DiNapoli’s “Report on the State Fiscal Year 2018-19 Enacted Budget,” indicates that the State’s latest financial plan:
• Increases General Support for Public Schools by $863 million, or 3.4 percent, and provides an additional $50 million in competitive grants for prekindergarten, after-school and other programs. Foundation Aid is expected to increase by $618 million.
• Provides more funding to the Metropolitan Transportation Authority, including off-budget proceeds from new surcharges on taxi trips and other for-hire transportation in Manhattan, starting in January 2019. The budget also requires New York City to make contributions for capital and operating costs associated with the plan or risk losing state aid.
• Creates the Secure Choice Savings Program, a voluntary, state-administered retirement savings plan for private sector and nonprofit employees.
• Relies on an estimated $186 million in new tax and assessment revenues, including $100 million from opioid manufacturers and distributors and the impact on business taxes of decoupling from the Internal Revenue Code.

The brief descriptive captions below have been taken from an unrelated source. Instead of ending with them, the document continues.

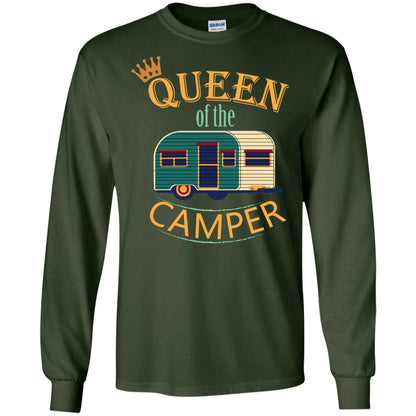 Queen Of The Camper Camping Lover Shirt Forest Green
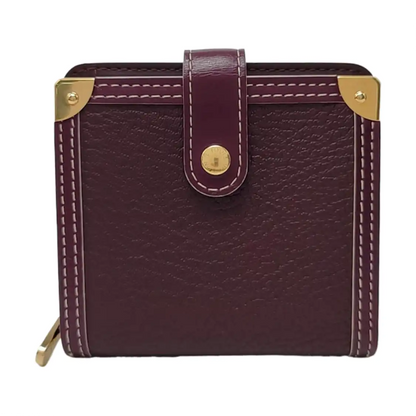 LOUIS VUITTON INTERNATIONAL Burgundy Lamb Leather Wallet Golden hardware-(SKU)-956129295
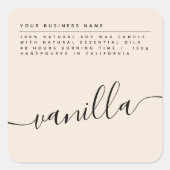 Étiquette de bougie de soja beige moderne  (Devant)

It also authorizes the state to use certain health plan reserves of up to $750 million annually for a multi-year period, potentially generating billions of dollars to fund a variety of health and other programs.
• Establishes a new Health Care Transformation Fund to pay for health care programs and other purposes, with authority to transfer moneys to any other state fund at the discretion of the budget director.
• Holds flat most direct aid to local governments. Aid and Incentives to Municipalities, the largest unrestricted aid category for cities, towns and villages, is funded at $715 million, the same level since SFY 2011-12.
• Maintains the appropriation for the Environmental Protection Fund at $300 million.
• Creates a New York State 2020 Complete Count Commission to recommend steps to be undertaken to ensure an accurate count of New Yorkers in the next U.S. Census.
• Includes a revised version of an Executive proposal requiring disclosure of the identities of entities or individuals making expenditures for certain paid Internet or digital political communications but omits several other Executive proposals related to public campaign financing, other campaign finance reforms, and early voting.
However, the comptroller’s report also identifies actions to bypass provisions that are intended to promote oversight and integrity in state procurement, including eliminating competitive bidding and independent review of contracts in certain cases. In addition, the budget provides new lump-sum appropriations for economic development, but does not include any provisions to improve transparency or accountability related to such spending.
The budget was passed on time, but most budget bills were rushed to passage with “messages of necessity,” leaving very little time for review by legislators and the public, DiNapoli noted.
“On the positive, this year’s enacted state budget tackles the tax changes from Washington and gives private-sector workers more options for saving for retirement,” the comptroller added. “But I am concerned that the budget expands public authority backdoor borrowing and fails to build up rainy day reserves. While revenues are currently strong, it’s important to monitor trends moving forward including the ongoing impact of federal tax and budget actions.”